Cenaze namazını kıldıran imam Türkân Saylan’ı şahsen tanıdığını, onun dine ve din adamlarına saygısı olduğunu, kendisinin dinine inancına dil uzatılmasından rahatsız olduğunu söyleyerek başladığı konuşmaya şöyle devam etti; “Her Müslüman bundan rahatsız olur, bunları yakıştıranlar hiç değilse merhumenin ölüsüne saygı göstersinler... O onbinlerce öğrenciye destek olup onları topluma kazandırdı, anaları oldu... İnanıyoruz ki ödülünü Allah’tan alacaktır.

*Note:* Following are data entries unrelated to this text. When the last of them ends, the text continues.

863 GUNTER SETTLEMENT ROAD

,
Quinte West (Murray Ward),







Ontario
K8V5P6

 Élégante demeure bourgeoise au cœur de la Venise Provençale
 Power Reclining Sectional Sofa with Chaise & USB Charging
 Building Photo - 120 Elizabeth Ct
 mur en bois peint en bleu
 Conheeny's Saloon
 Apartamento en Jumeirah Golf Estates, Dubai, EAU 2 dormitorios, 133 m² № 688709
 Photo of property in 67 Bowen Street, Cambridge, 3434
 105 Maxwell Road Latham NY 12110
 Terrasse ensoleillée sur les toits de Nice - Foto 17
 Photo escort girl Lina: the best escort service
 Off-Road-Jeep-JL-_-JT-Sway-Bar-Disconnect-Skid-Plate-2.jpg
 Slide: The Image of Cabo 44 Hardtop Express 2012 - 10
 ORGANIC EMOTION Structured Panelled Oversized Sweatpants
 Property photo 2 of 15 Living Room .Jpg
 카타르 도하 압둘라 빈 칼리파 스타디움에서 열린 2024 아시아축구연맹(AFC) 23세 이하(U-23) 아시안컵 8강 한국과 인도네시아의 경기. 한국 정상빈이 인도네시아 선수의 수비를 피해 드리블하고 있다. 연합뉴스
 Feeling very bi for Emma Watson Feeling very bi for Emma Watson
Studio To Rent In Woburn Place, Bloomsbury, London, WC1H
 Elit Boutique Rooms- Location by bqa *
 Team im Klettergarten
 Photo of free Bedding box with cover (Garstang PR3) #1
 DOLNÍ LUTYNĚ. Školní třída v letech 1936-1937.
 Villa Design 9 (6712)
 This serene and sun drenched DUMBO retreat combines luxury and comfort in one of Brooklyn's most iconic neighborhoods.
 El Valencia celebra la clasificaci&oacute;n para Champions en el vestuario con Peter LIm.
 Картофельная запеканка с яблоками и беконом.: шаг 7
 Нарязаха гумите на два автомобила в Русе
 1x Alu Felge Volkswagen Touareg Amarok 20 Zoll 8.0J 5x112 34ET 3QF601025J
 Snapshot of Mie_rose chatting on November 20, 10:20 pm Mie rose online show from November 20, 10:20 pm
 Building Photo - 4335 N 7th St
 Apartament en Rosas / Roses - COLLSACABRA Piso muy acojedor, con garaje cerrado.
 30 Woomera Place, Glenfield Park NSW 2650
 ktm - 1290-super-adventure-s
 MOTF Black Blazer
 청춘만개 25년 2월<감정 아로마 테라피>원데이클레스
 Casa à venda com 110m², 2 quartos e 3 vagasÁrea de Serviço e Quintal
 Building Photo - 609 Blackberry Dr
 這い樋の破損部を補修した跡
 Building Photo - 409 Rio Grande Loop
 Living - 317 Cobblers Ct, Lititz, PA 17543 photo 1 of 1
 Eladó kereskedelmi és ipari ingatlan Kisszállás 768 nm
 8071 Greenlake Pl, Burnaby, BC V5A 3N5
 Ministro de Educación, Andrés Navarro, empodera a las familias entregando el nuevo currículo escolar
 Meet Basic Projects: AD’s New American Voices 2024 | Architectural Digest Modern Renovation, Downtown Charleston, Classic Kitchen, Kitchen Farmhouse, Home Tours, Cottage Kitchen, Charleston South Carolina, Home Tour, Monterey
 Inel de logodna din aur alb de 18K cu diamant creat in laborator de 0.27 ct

Kuran’ı Kerim’in ayeti ‘her kim zerre kadar yardım yaparsa mutlaka karşılığını görecektir’ der, Allah da malını, canını iyilik için harcayan merhumeye rahmet sağlayacaktır (...) Türkân Saylan hanımefendi istirahata çekilmiştir, ölü değildir. Ölü olanlar bu dünyada hizmeti olmayanlardır.”

SAYGISIZ VE UTANMAZLAR

İşte onun arkasından söylenmesi gerekenler bunlardı. Ama bir ölünün arkasından bile yalanlarla, iftiralarla kötülükler yağdıranlar malûm gazete ve TV’lerin internet sitelerinde iğrenç faaliyetlerini sürdürdüler. Hem de dini alet ederek ama aynı zamanda dini hiçe sayarak...

Yazdıklarına baktığınızda sanata, bilime, kültüre kısacası çağdaşlığa düşmanlığı görebiliyorsunuz.

Türkân Saylan’ın saygılı olduğu ve korumaya çalıştığı laikliğin yine kasıtlı olarak din düşmanlığı gibi anlatılmaya çalışıldığını görüyorsunuz. Kadınları baskıyla ve bunun “din emri” olduğuna inandırarak türbana sokmaya çalışanlara, türbanı siyasi olarak kullananlara, din devleti (şeriat devleti) isteyenlere karşı olan Saylan’ı “şeriat”a yani Kuran’a karşı gösterme çabasını görüyorsunuz.

Aynen onu, kendisi de Müslüman olan bir insanı yalanlarla “Hristiyanlık misyoneri” göstermeye çalıştıkları, eğitime sağladığı desteği kösteklemeyi hedefledikleri gibi... Arsızca, utanmazca, Allah’tan bile korkusuzca sağlığında yaptıkları kötülüğü ölüsünün arkasından da sürdürüyorlar.

Ama ne yaparlarsa yapsınlar, çirkefliği hangi boyuta taşırlarsa taşısınlar başaramayacaklar. Bu millet Türkân Saylan ve onun gibi “özel insanlarını” başı üstünde taşıyacak, bu yalanları da hak ettiği yere çöplüğe yollayacaktır.

MÜZİĞE BİLE DÜŞMAN KAFALAR!

Mozart dinlemek, piyano çalmak veya bale yapmak, bale-tiyatro/resim sevmek insanların dinini, inancını azaltmaz, buna ancak kuş beyinliler veya tarikatlar/cemaatler tarafından beyni yıkanmış köktendinci kafalar inanır.

Bu sahtekârlara en güzel cevabı Kars’tan, Ardahan’dan, Ağrı’dan, Mersin’den çıkıp “Bizi o okuttu, hakkını helal etsin” veya “Türkân Hoca olmayı seçtim” diyen onbinlerce genç kız veriyor.

Utanmayı da onlar öğretecek.

“İnsan” olabilenler Türkân Saylan’ı her zaman saygıyla, sevgiyle, takdirle anacaklar, ruhu şâd olsun!